Eduard Magnus (January 7, 1799 – August 8, 1872) was a German painter, primarily known for portraits.

==Biography==
Magnus was born in Berlin as the third son of Johann Matthias Magnus, the founder of the Prussian Magnus-Bank. He studied simultaneously at the Prussian Academy of Arts, Bauakademie, and University of Berlin, becoming educated in medicine, architecture, and philosophy. He took to painting, as a student of Jakob Schlesinger, exhibiting for the first time in 1826 with promising results. He later traveled to Paris and Italy, returning to Germany in 1829. He went to Italy again in 1831, and traveled through Paris and England before returning again in 1835. In 1837 he became a member of the Academy of Art, and in 1844 a professor. From 1850 to 1853 he traveled to France and Spain. He died in 1872 in Berlin. He was for a time the preeminent portrait painter in Berlin.

Eduard Magnus, who was Jewish, was the elder brother of the physicist and chemist Heinrich Gustav Magnus.

==Works==
In Italy, Magnus produced two paintings, entitled The Return of the Palikaren, and The Benediction of the Grandson, which won him considerable renown.

Amongst his productions in the genre school, most of which have been engraved by Mandel, Trossin, and others, Two Young Girls at Sunrise and Two Children are prominent. He also painted portraits, amongst others, of Jenny Lind, Henriette Sontag, Mendelssohn Bartholdy, and the Prussian General Field Marshal Wrangel. Magnus gained a high reputation as a portrait painter, his productions in this department being marked by strong individuality and powerful colouring.
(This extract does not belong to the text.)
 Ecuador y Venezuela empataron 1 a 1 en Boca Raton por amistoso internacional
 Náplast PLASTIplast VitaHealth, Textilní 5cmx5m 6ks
The Golden Age is also a notable work, distinguished by great natural simplicity, reminiscent of Sir Joshua Reynolds's pictures of a similar class of subject. It was one of the most attractive works exhibited at the Prussian Academy of Arts in 1839. It was purchased by the Art-Union Society of that city, and at the distribution of prizes fell to the lot of the Baron Werther, Minister of Foreign Affairs. It was afterwards engraved by Edward Mandel for the Society, who distributed it among their subscribers in 1843.

==Writings==
- Ueber Einrichtung und Beleuchtung von Räumen zur Aufstellung von Gemälden und Sculpturen (On the arrangement and lighting of spaces for the display of paintings and sculpture; Berlin, 1864)
- Die Polychromie vom künstlerischen Standpunkte (Polychromy from an artistic standpoint; Bonn, 1872).